What you have to do -> With every mark kept, transcribe all of the records.

----

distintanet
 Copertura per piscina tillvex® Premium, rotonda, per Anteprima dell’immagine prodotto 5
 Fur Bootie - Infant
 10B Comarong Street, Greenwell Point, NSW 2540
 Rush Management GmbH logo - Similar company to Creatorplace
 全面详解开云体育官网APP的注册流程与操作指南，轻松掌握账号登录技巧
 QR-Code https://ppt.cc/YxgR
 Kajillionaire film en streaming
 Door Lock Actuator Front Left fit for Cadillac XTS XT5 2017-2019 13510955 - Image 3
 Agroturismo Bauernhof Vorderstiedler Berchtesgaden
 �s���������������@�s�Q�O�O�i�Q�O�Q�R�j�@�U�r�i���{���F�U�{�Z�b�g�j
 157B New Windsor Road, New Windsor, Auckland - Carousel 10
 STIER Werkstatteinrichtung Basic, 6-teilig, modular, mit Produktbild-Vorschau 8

----

Reply ->
distintanet
 Copertura per piscina tillvex® Premium, rotonda, per Anteprima dell’immagine prodotto 5
 Fur Bootie - Infant
 10B Comarong Street, Greenwell Point, NSW 2540
 Rush Management GmbH logo - Similar company to Creatorplace
 全面详解开云体育官网APP的注册流程与操作指南，轻松掌握账号登录技巧
 QR-Code https://ppt.cc/YxgR
 Kajillionaire film en streaming
 Door Lock Actuator Front Left fit for Cadillac XTS XT5 2017-2019 13510955 - Image 3
 Agroturismo Bauernhof Vorderstiedler Berchtesgaden
 �s���������������@�s�Q�O�O�i�Q�O�Q�R�j�@�U�r�i���{���F�U�{�Z�b�g�j
 157B New Windsor Road, New Windsor, Auckland - Carousel 10
 STIER Werkstatteinrichtung Basic, 6-teilig, modular, mit Produktbild-Vorschau 8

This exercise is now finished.